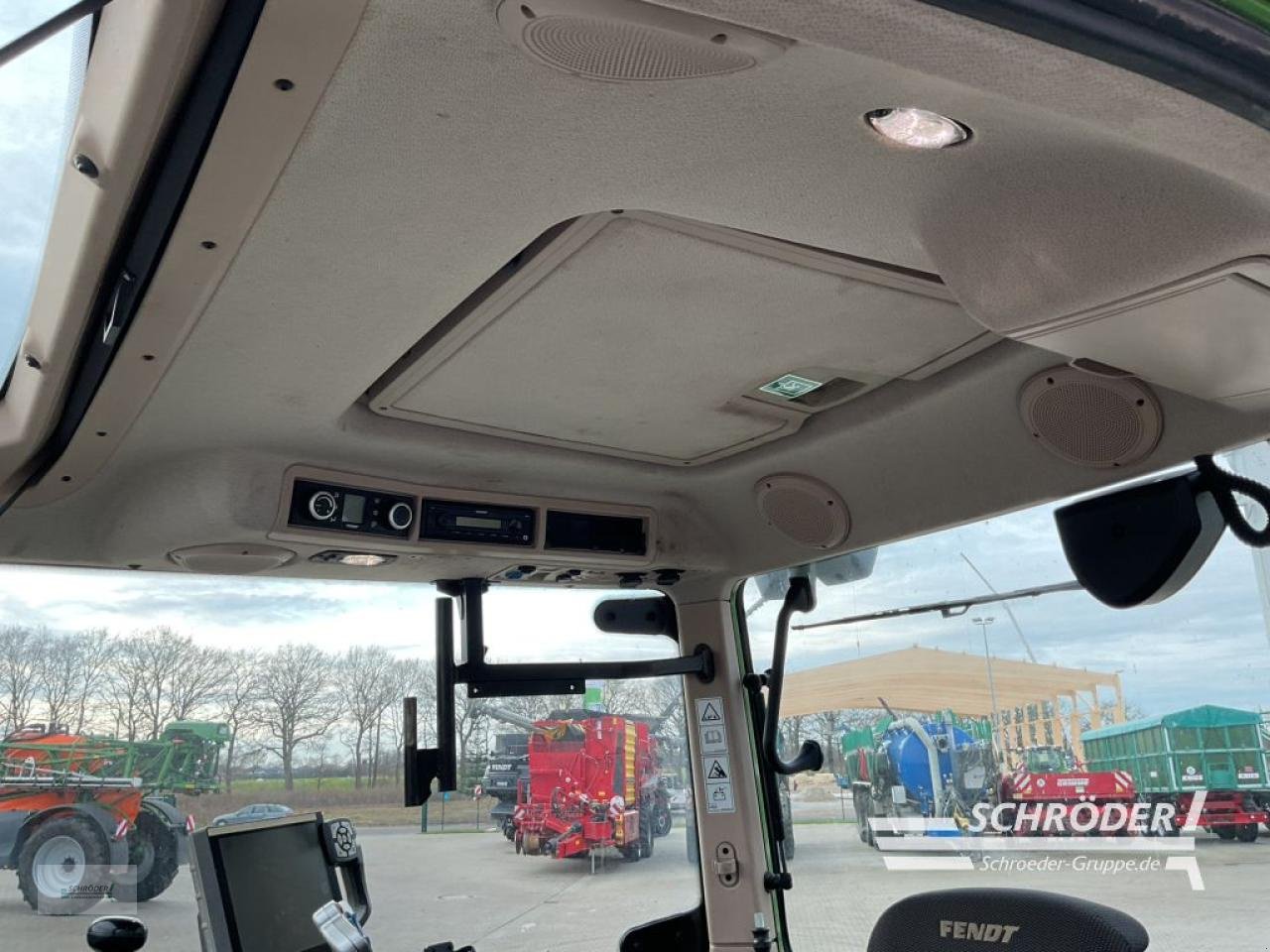 Traktor des Typs Fendt 724 VARIO S4 PROFI PLUS, Gebrauchtmaschine in Holdorf (Bild 14)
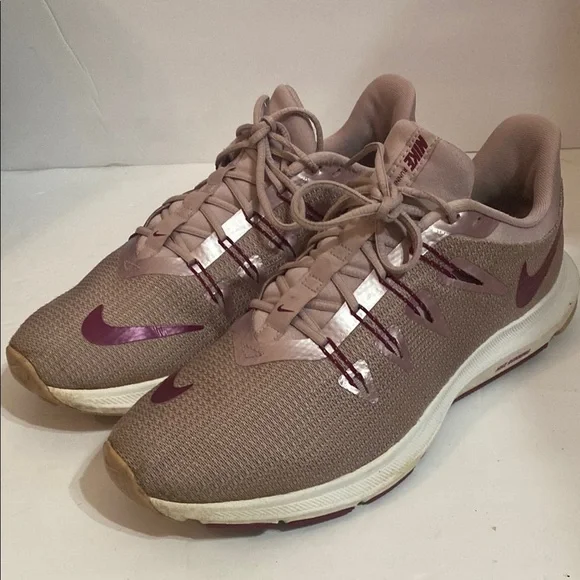 Womens Nike Quest Plum Chalk/True Berry BV6139 500 Size 9.5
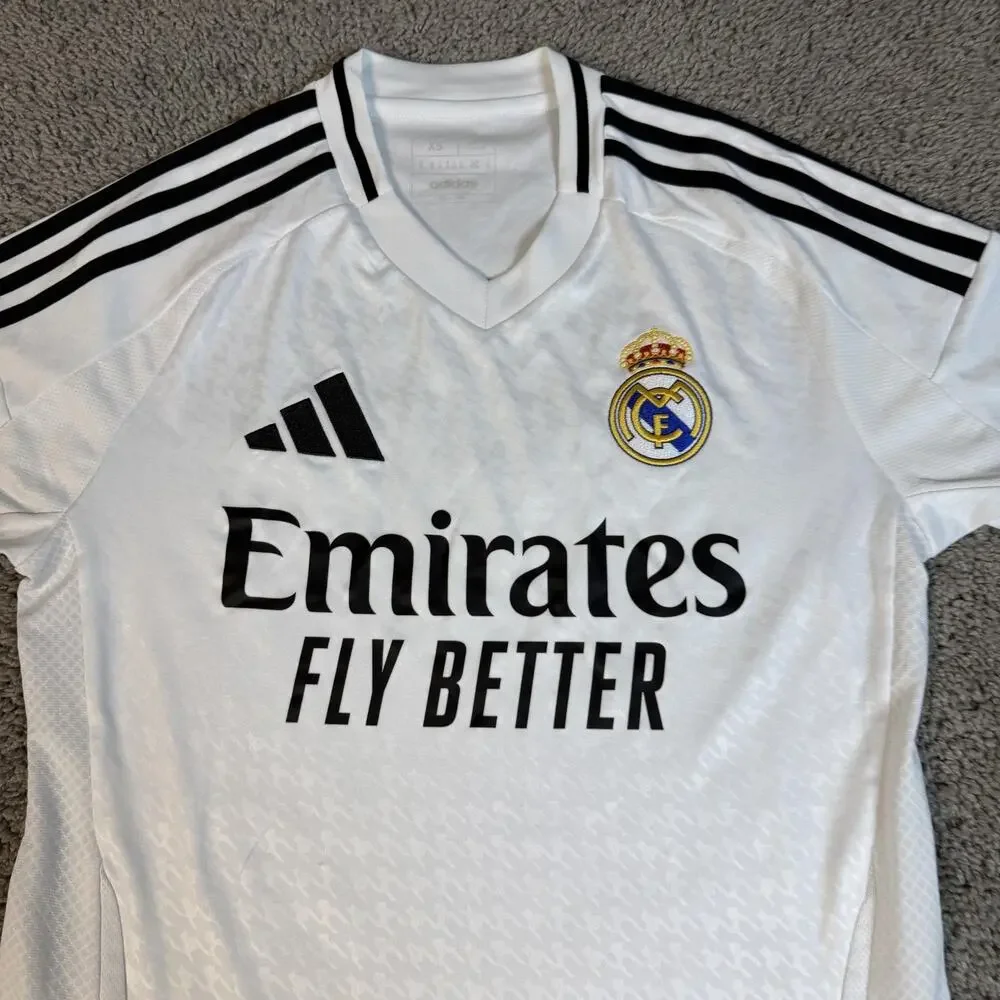 Real Madrid Jersey Mens XS White Soccer Emirates Fly Better Adidas AEROREADY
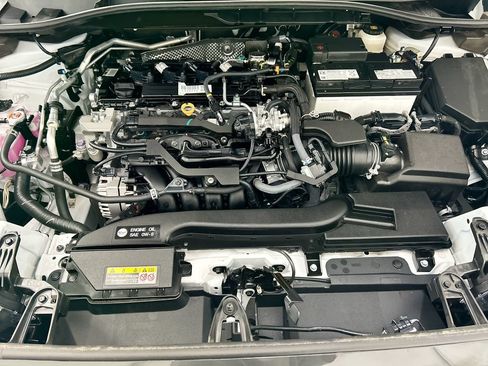 Certified 2025 Toyota Corolla Cross XLE w/ Convenience Package AWD/4WD image 27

__________

#### EXERCISE DETAILS
Print only the lines from the line that contains "Womens Nike Quest" to the final line of the data, inclusive. Pictures stay out.

#### SOLUTION TO THE EXERCISE
 Womens Nike Quest Plum Chalk/True Berry BV6139 500 Size 9.5
 Real Madrid Jersey Mens XS White Soccer Emirates Fly Better Adidas AEROREADY
 Certified 2025 Toyota Corolla Cross XLE w/ Convenience Package AWD/4WD image 27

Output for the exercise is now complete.